Directions for this task: What you return must match the listing below character for character, minus any pictures.

The data:
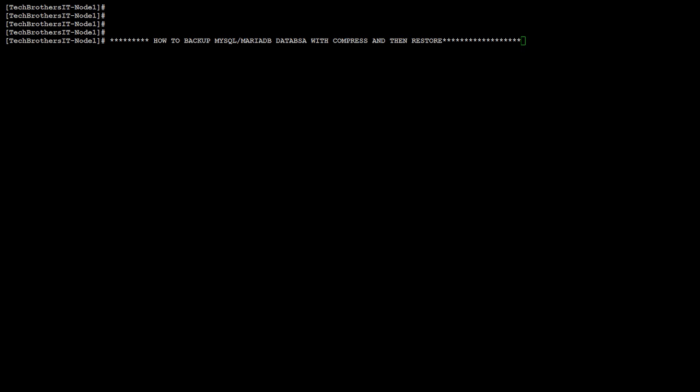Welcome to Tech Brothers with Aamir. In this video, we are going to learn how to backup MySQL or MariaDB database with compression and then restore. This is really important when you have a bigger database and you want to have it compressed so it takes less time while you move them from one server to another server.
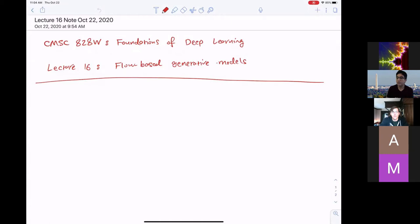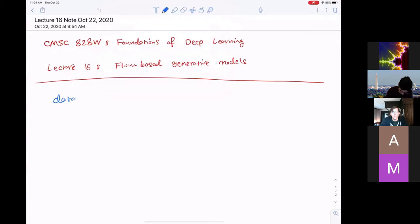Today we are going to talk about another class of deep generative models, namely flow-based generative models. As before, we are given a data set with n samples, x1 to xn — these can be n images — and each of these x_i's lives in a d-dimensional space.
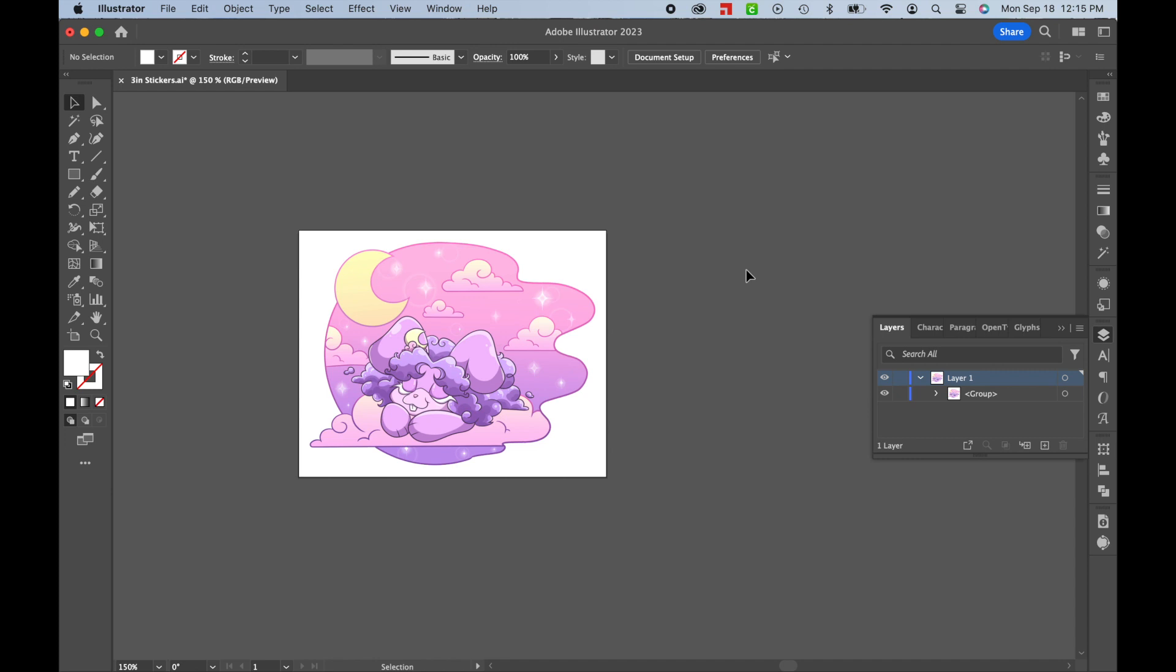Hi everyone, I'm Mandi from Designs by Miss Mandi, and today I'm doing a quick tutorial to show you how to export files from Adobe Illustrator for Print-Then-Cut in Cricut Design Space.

Reply:
Welcome to Tech Brothers with Aamir. In this video, we are going to learn how to backup MySQL or MariaDB database with compression and then restore. This is really important when you have a bigger database and you want to have it compressed so it takes less time while you move them from one server to another server.
Today we are going to talk about another class of deep generative models, namely flow-based generative models. As before, we are given a data set with n samples, x1 to xn — these can be n images — and each of these x_i's lives in a d-dimensional space.
Hi everyone, I'm Mandi from Designs by Miss Mandi, and today I'm doing a quick tutorial to show you how to export files from Adobe Illustrator for Print-Then-Cut in Cricut Design Space.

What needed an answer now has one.